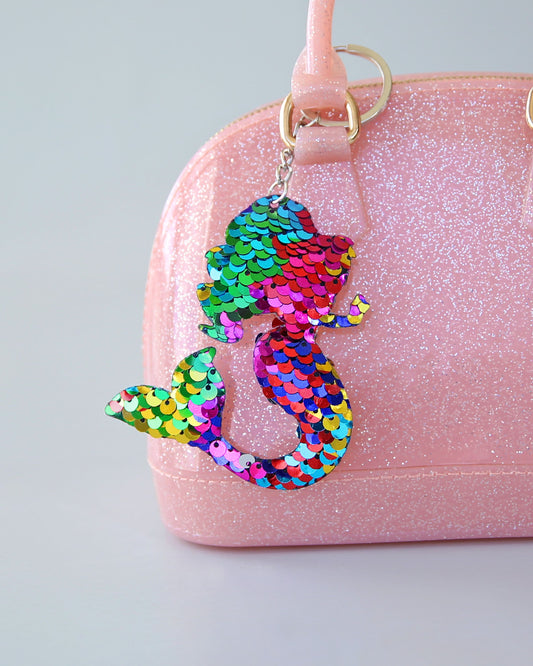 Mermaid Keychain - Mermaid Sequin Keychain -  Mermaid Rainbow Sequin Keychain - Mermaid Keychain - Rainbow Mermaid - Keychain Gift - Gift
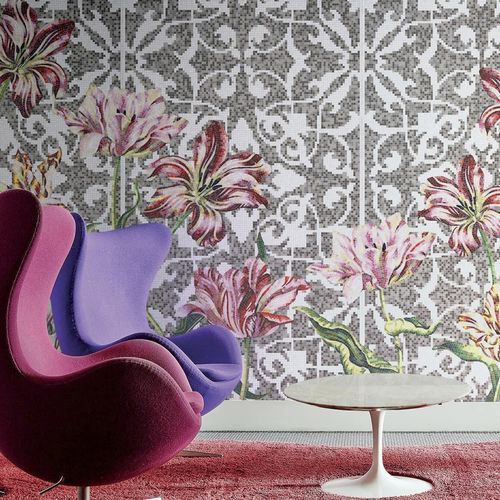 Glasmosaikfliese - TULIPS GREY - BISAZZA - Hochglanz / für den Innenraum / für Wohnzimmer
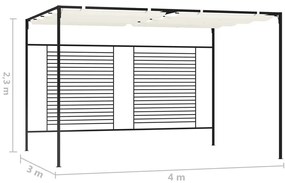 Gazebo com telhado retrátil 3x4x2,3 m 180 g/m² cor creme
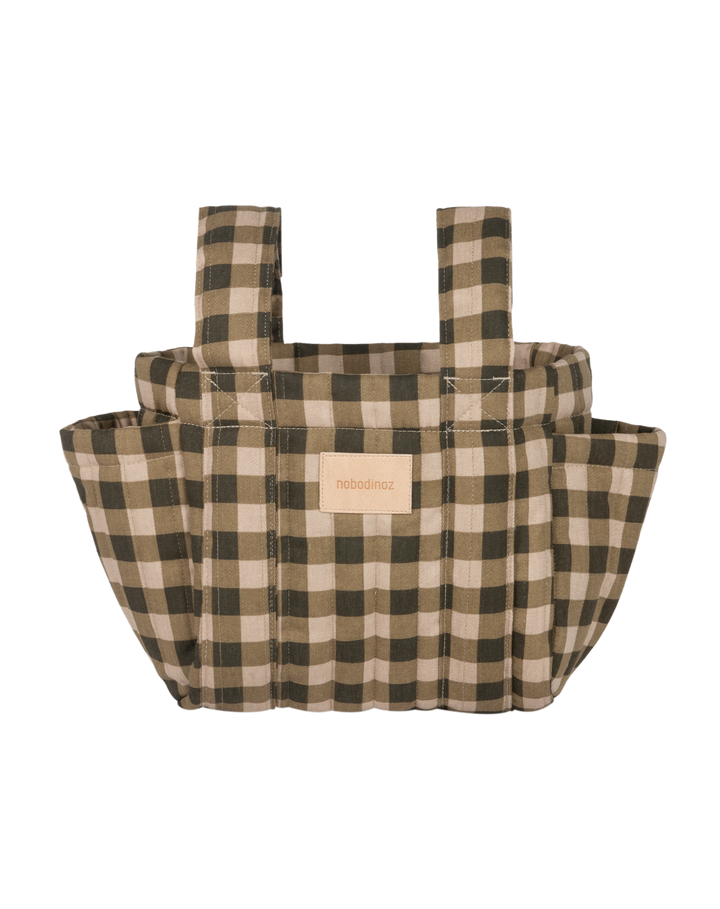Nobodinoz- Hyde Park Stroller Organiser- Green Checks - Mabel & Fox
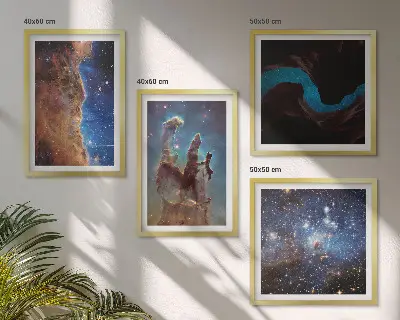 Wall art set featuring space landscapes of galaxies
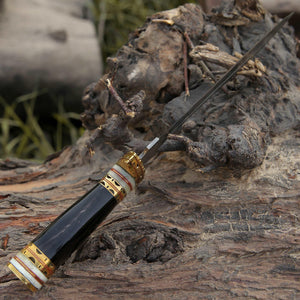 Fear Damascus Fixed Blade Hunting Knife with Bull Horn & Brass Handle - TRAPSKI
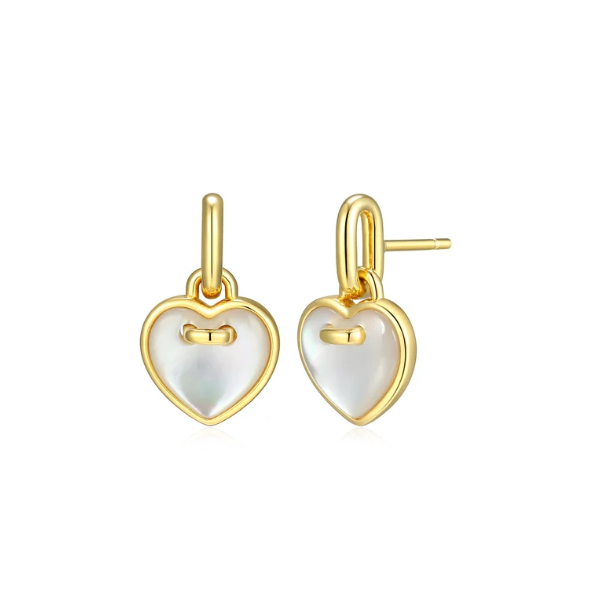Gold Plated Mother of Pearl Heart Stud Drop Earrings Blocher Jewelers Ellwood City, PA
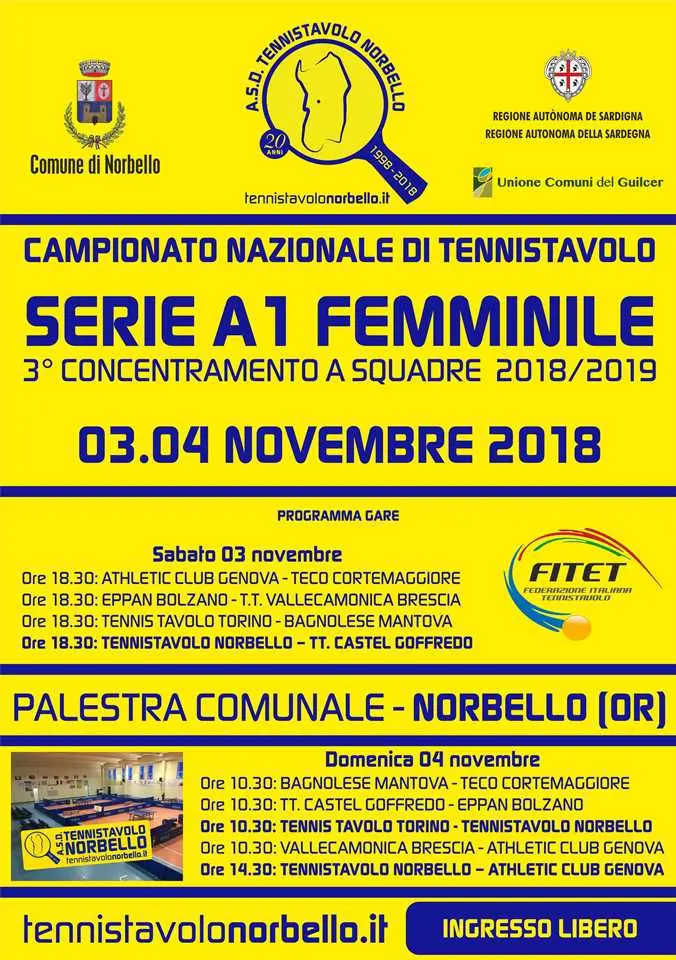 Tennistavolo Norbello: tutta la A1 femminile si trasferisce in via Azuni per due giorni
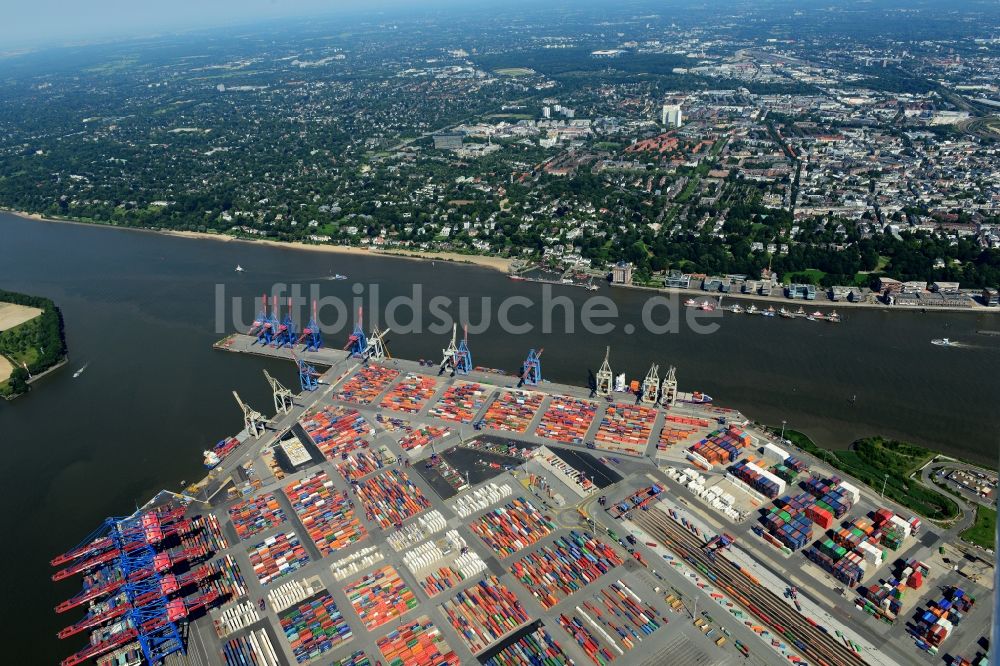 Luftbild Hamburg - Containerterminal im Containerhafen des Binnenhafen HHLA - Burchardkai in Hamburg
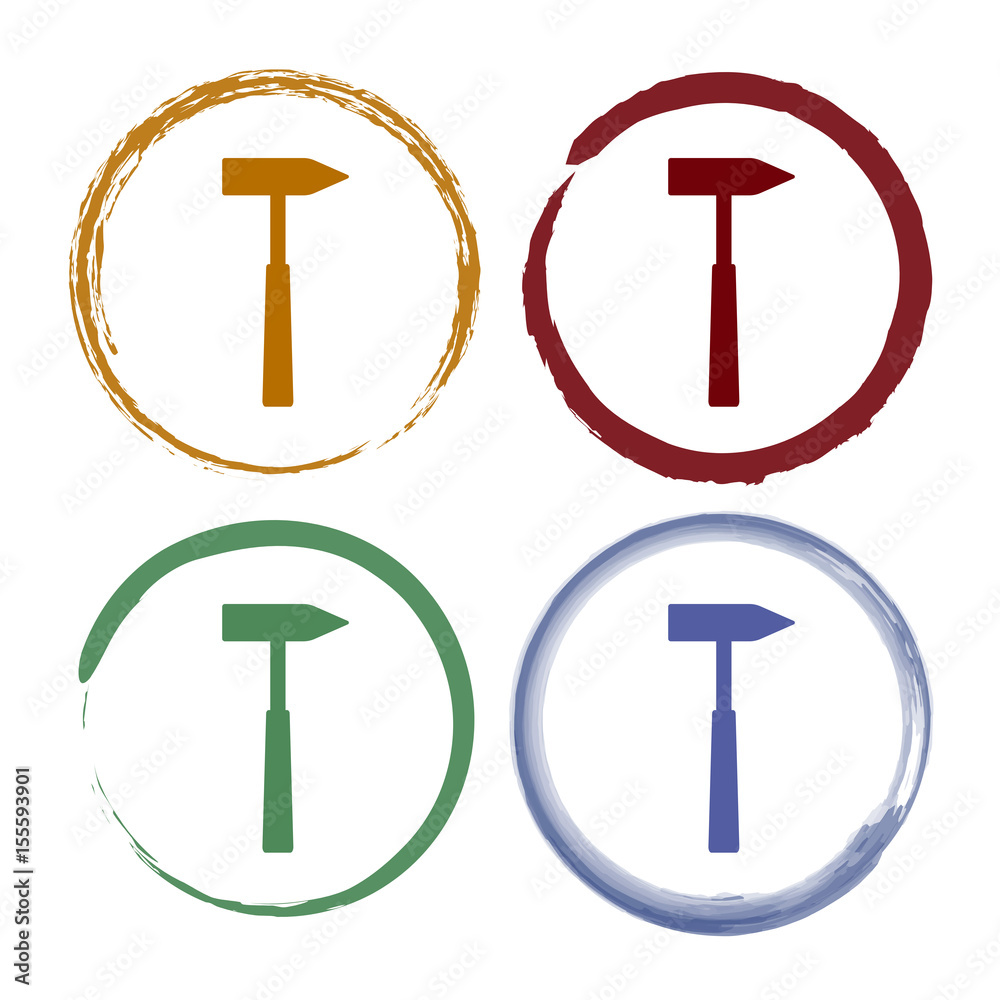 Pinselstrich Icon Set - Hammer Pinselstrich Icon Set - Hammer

-- -- --

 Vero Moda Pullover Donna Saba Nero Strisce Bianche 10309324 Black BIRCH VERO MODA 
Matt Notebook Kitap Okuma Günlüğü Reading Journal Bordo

-- -- --

_Exercise prompt:_
Only the lines above starting with the line with "Mermaid Keychain - Mermaid" and going on through the line with "Pinselstrich Icon Set - Hammer Pinselstrich" belong in the answer; repeat them exactly, minus any picture.

_Solution to the problem:_
 Mermaid Keychain - Mermaid Sequin Keychain -  Mermaid Rainbow Sequin Keychain - Mermaid Keychain - Rainbow Mermaid - Keychain Gift - Gift
 Glasmosaikfliese - TULIPS GREY - BISAZZA - Hochglanz / für den Innenraum / für Wohnzimmer
 Gazebo com telhado retrátil 3x4x2,3 m 180 g/m² cor creme
Nobodinoz- Hyde Park Stroller Organiser- Green Checks - Mabel & Fox
 Wall art set featuring space landscapes of galaxies
 Fear Damascus Fixed Blade Hunting Knife with Bull Horn & Brass Handle - TRAPSKI
Gold Plated Mother of Pearl Heart Stud Drop Earrings Blocher Jewelers Ellwood City, PA
 Tennistavolo Norbello: tutta la A1 femminile si trasferisce in via Azuni per due giorni
 Luftbild Hamburg - Containerterminal im Containerhafen des Binnenhafen HHLA - Burchardkai in Hamburg
 Pinselstrich Icon Set - Hammer Pinselstrich Icon Set - Hammer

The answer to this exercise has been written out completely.